▶ _Exercise instructions_
Print the lines from the one containing "Spa Acrílico Jacuzzi" through the end of the material below, both included, exactly as they appear and without pictures.

▶ _Information provided_
####################

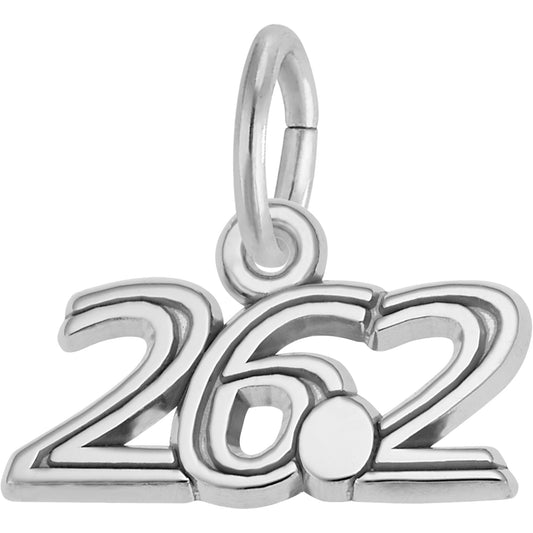 Marathon 26.2 Plain Charm - Metal - Sterling Silver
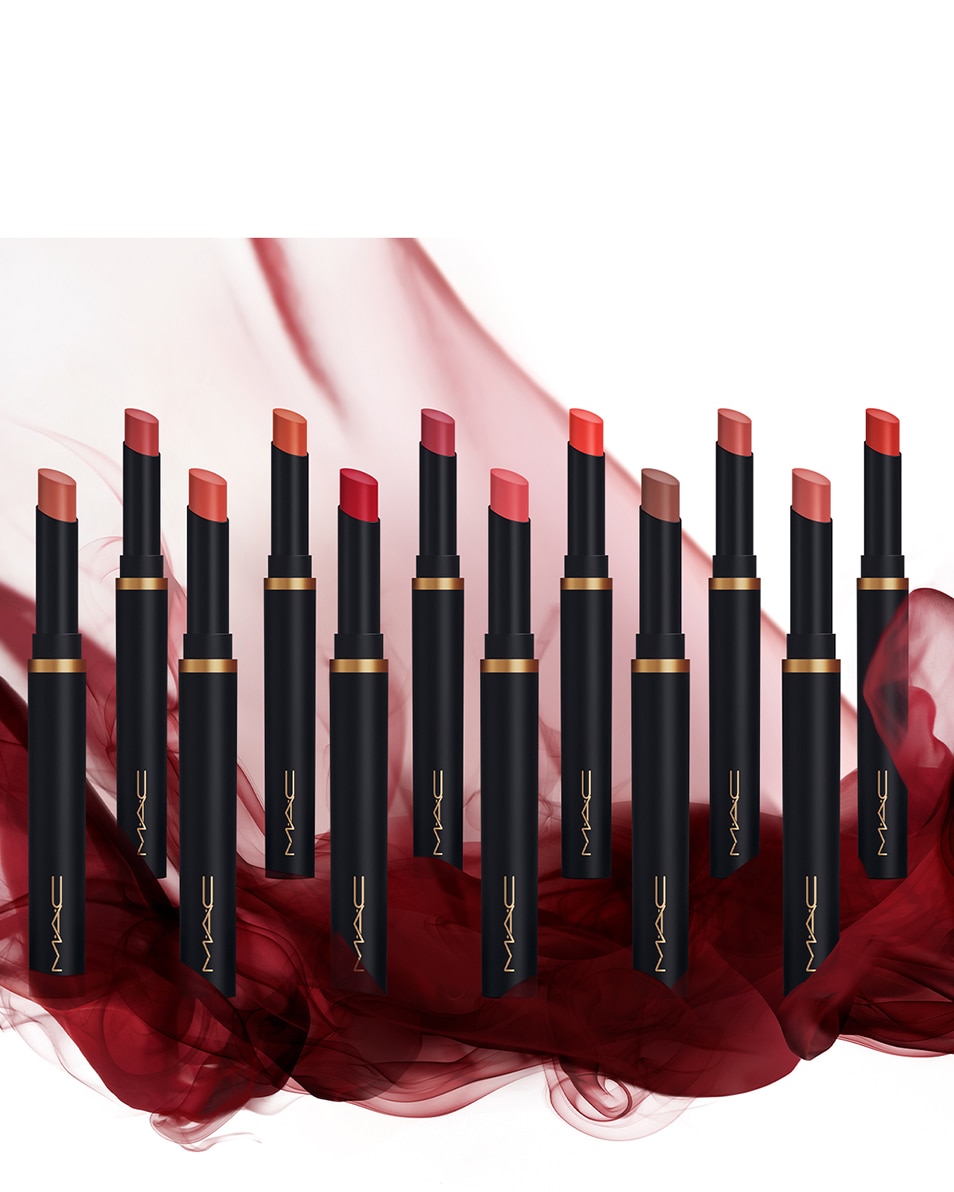 M.A.C POWDER KISS VELVET BLUR SLIM STICK ROUGE A LEVRES MAT HYDRATANT - TENUE LONGUE DUREE 12H Over The Taupe 5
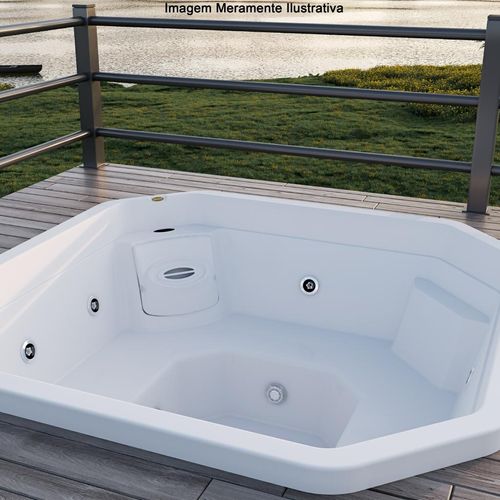 Spa Acrílico Jacuzzi Meridian Quality 8 Jatos com Deck 214X214X91
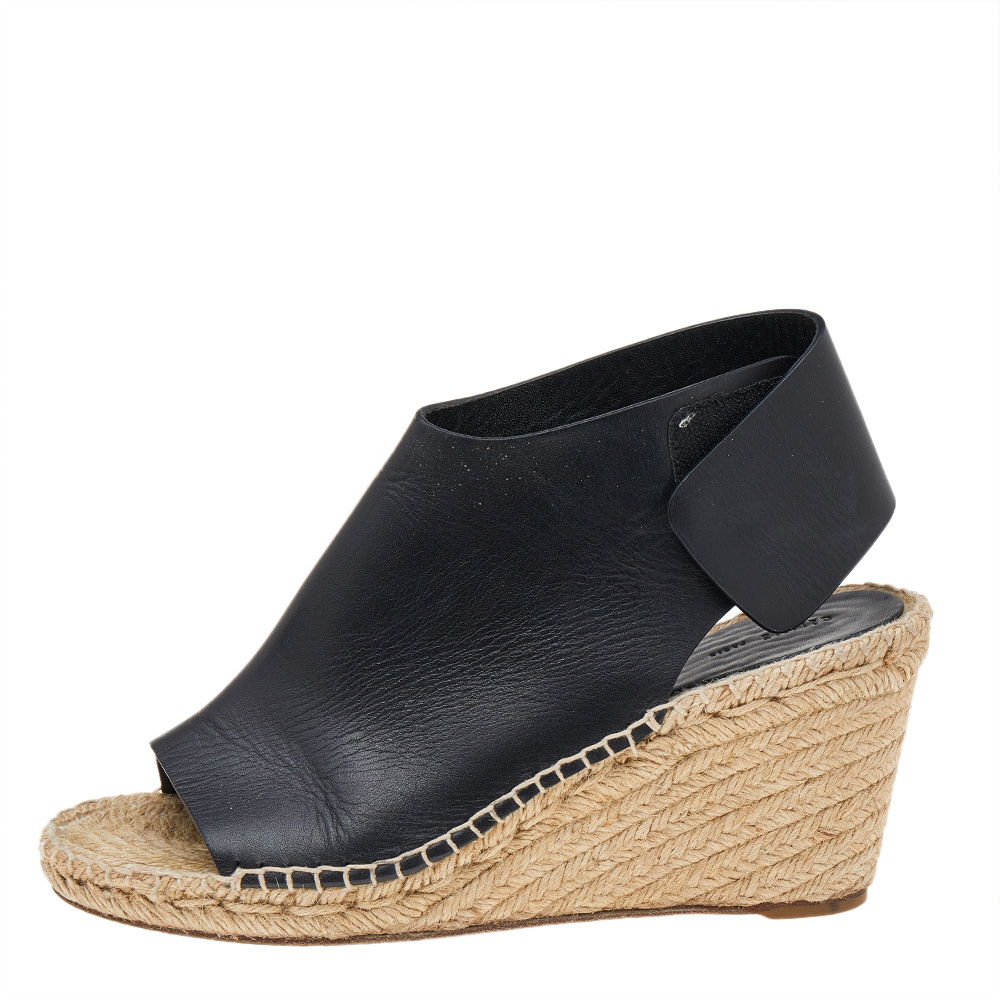 

Celine Black Leather Open Toe Espadrilles Platform Wedge Sandals Size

####################

▶ _Task answer_
 Spa Acrílico Jacuzzi Meridian Quality 8 Jatos com Deck 214X214X91

Celine Black Leather Open Toe Espadrilles Platform Wedge Sandals Size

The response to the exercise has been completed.